Michelle Usher told prosecuting counsel Shane Costelloe SC that she thought it was a joke until she heard a third shot and her partner Alan O'Neill screamed out in pain.
The witness was giving evidence in the trial of Warren Nolan (22) of Rowlagh Park in Clondalkin who has pleaded not guilty to Mr O'Neill's murder at Kiltalown Road, Tallaght on May 27, 2015.
Mr Nolan also pleaded not guilty to damaging a car by fire at Belfry Square in Tallaght on the same date.
Ms Usher told Mr Costelloe that in May 2015 she was preparing to finish a university degree course while Mr O'Neill (35), a painter and decorator by trade, was due to start a course in personal training.
She had one child with Mr O'Neill and he was a father figure to all three of her children.
That evening Mr O'Neill had been to the gym, came home and then went out again to give Ms Usher's brother a lift home.
Ms Usher was in her living room when she saw Mr O'Neill's car arrive back and park on the driveway, followed by a people carrier that stopped on the road at the entrance to the driveway. Mr O'Neill got out of his car and the lights flashed as he pressed the alarm button.
When Ms Usher saw the second car stop she leaned closer to the window as she thought it "peculiar".
Then a "dark figure" came in to the garden. He looked like a "young fella" and so when she heard two "really loud bangs" she thought it was a joke until, as she opened the door, she heard another bang, saw a blue flash and a black gun in the dark figure's hand followed by Mr O'Neill screaming out in pain.
Ms Usher caught hold of him and brought him in the doorway to the living room while another shot smashed the window of the hall door.
She said: "Everything happened so quickly and I just didn't believe what was going on."
She saw the figure with the gun run out of the garden and get back in the people carrier which then "took off".
By his posture and movements she thought he was a "young boy" or a "teenager" but she didn't see his face.
He was dressed in dark clothing and she couldn't remember if he had something covering his face. Alan was pale and seemed to be having a fit.
He told her to call an ambulance and make sure the children stayed in bed. Her neighbour Stephen O'Connell arrived and, seeing Ms Usher in "hysterics" he took the phone and followed the paramedic's instructions until an ambulance arrived.
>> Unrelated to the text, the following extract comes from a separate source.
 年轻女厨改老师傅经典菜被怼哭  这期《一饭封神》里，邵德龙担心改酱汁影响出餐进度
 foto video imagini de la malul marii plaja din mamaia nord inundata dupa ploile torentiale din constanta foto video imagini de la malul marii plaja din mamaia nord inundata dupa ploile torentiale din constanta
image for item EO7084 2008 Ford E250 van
Defence counsel Michael Bowman SC suggested to the witness that her recollection of seeing a young boy or teenager was influenced by media reports that two teenagers had been arrested in the aftermath of the shooting.
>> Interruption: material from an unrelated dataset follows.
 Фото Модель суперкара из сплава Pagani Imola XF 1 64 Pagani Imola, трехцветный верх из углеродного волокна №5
She said she was not reading newspapers at the time as she was "traumatised" and was more concerned with looking after her children.
Earlier the jury heard Mr Costelloe's opening speech in which he said that the accused was arrested after a woman smoking a cigarette on her balcony alerted gardai to a suspicious car.
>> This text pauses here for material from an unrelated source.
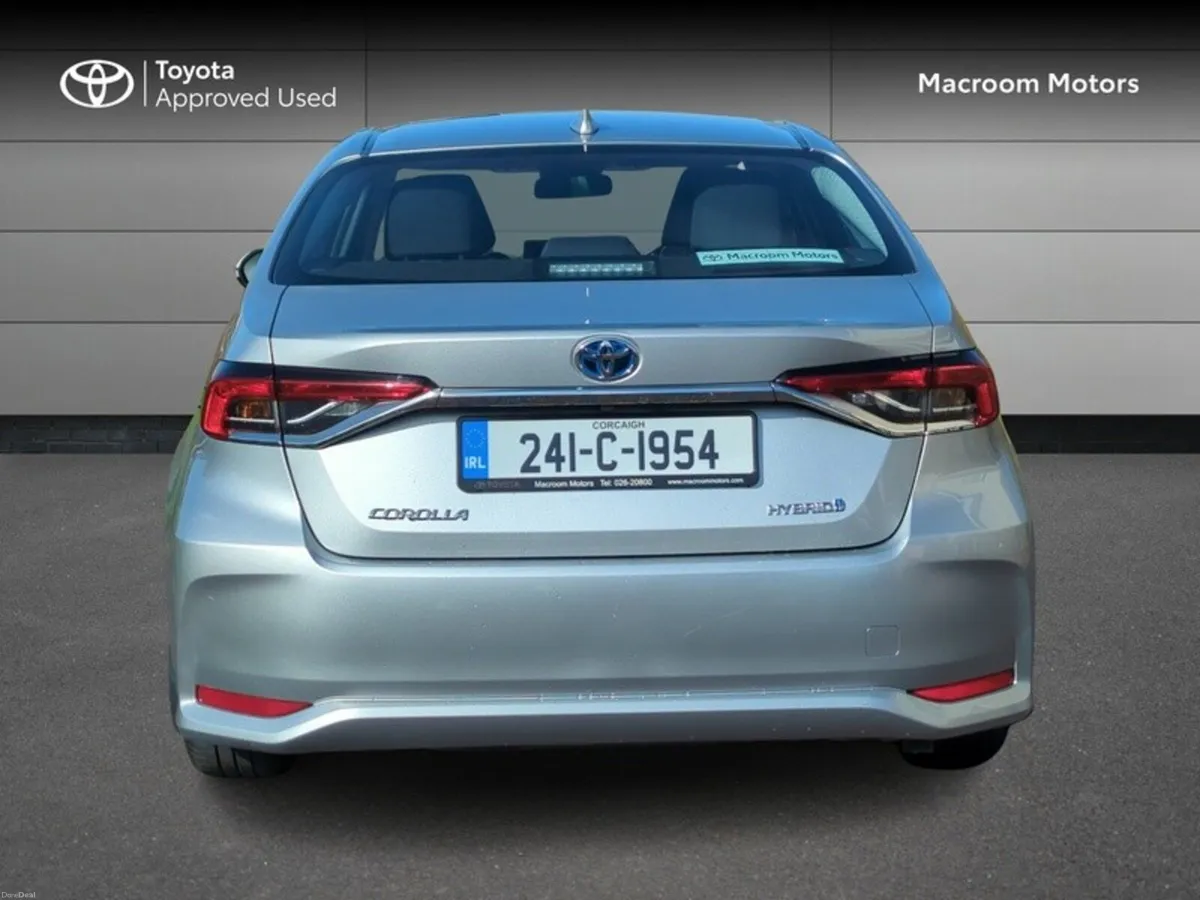 Toyota Corolla LUNA SALOON 4DR AUTO - Image 4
Around the time of the shooting described by Ms Usher, a woman in another part of Tallaght was smoking a cigarette on her balcony when she noticed a car driving in an erratic way.
She thought it suspicious so she called gardai who responded quickly and were talking to the driver of that car when they saw, close by, another car go up in flames.
It is the State's case, counsel said, that the burnt out car is the one used in the shooting and that the accused, having shot Mr O'Neill, burned it out.
He said two people who had been in the now burnt-out car walked towards where gardai were talking to the driver of the suspicious car but when they noticed gardai they ran. One of them got away but the other, Mr Nolan, was arrested.
The jury will hear evidence that gardai found gloves on Mr Nolan's person which, when analysed by a forensic scientist, were shown to have gunshot residue on them.
The trial continues in front of Justice Paul McDermott and a jury of six women and six men.